K-Traditional Music (10)

  • 2020.11.19
    Recommended music
    This is the part where a housewife who went to the land to get the dragon king's medicine with a funny eye at the Sugungga, Jajinmori rhythm, seduced the rabbit and ordered him to catch the rabbit.
  • 2020.11.25
    Recommended music
    Sugungga tells the story that a turtle enticed a rabbit to the palace to cure the dragon king's illness, but the rabbit tricked the dragon king to come back to life.

    'Bomb coming down' is the eye line of the Sugung family (the most interesting and key point).
  • 2020.11.25
    Recommended music
    ♡ It is a scene where a housewife avoided a tiger she met on land and finally met a rabbit.

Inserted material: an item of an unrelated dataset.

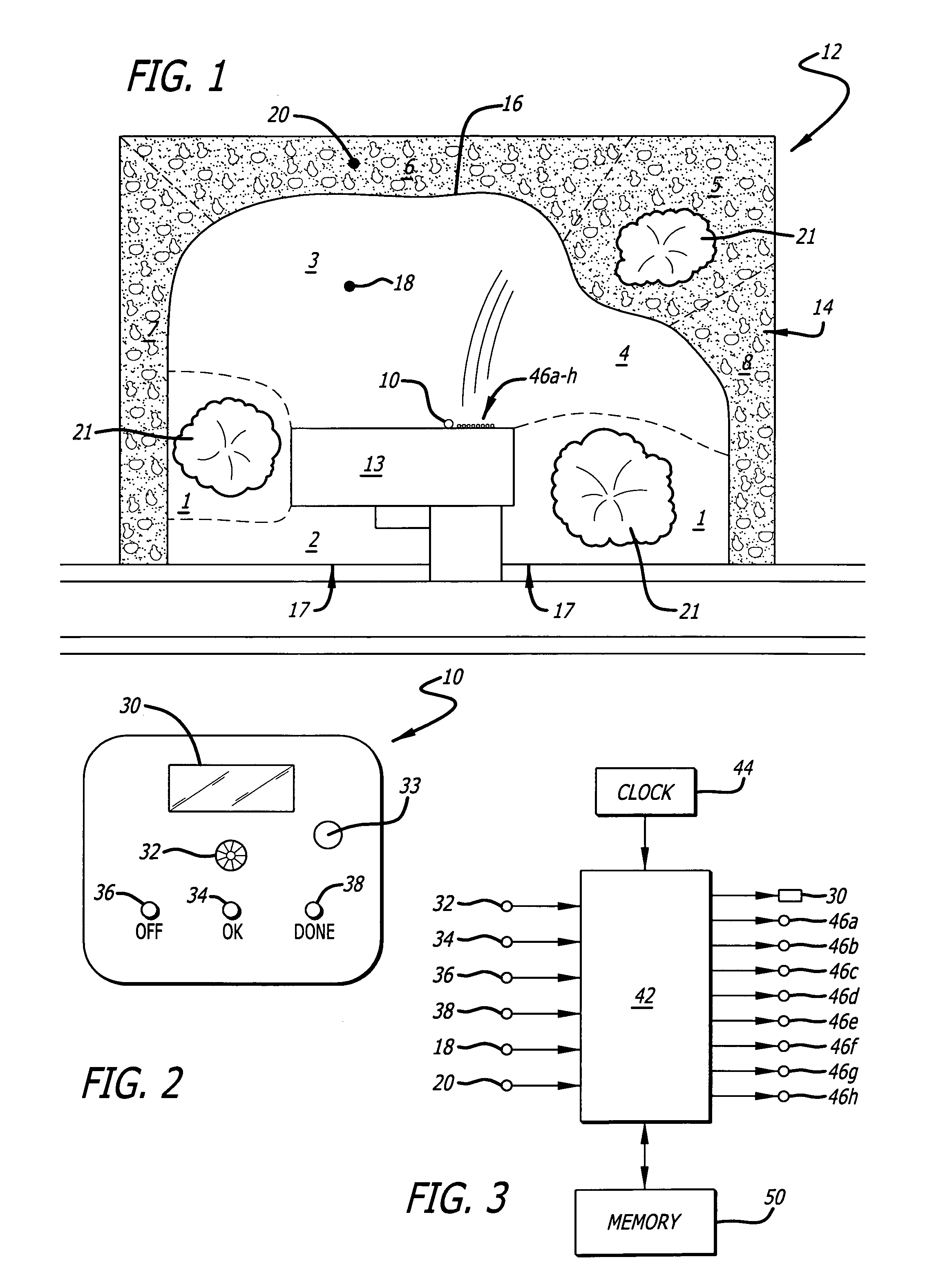 Method and apparatus for optimizing soil moisture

    The member of the National Changgeuk Company, Yu Taepyungyang, will sing along with his teacher, Jo Tong-dal.

K-Cultural Heritage (21)

  • 1991.11.23
    designated date
    Gayageum Byeongchang refers to singing while riding Gayageum.

    The song is sung by adding gayageum accompaniment while picking a passage from either Danga or Pansori. In Pansori, it is also called Seokhwaje. There is a theory that Kim Changjo, the master of the Gaya Geumsanjo, began to be called in the late Joseon Dynasty.

    Jinyang, Jungmori, Jungjungmori, and Jajinmori are used in Jangdan. The same melody of the gayageum and the song changes to match the principle of the gayageum, fills the space of the song with the gayageum melody, and sometimes adds to the excitement by adding the gayageum ganju.

    Some of the representative songs include Gokcho, Honam, Cheongseoknyeong Pass, Jukjangmanghye, Saranga among Chunhyangga, Jebinojeonggi among Heungbo, and Gogo riverside among Sugungga.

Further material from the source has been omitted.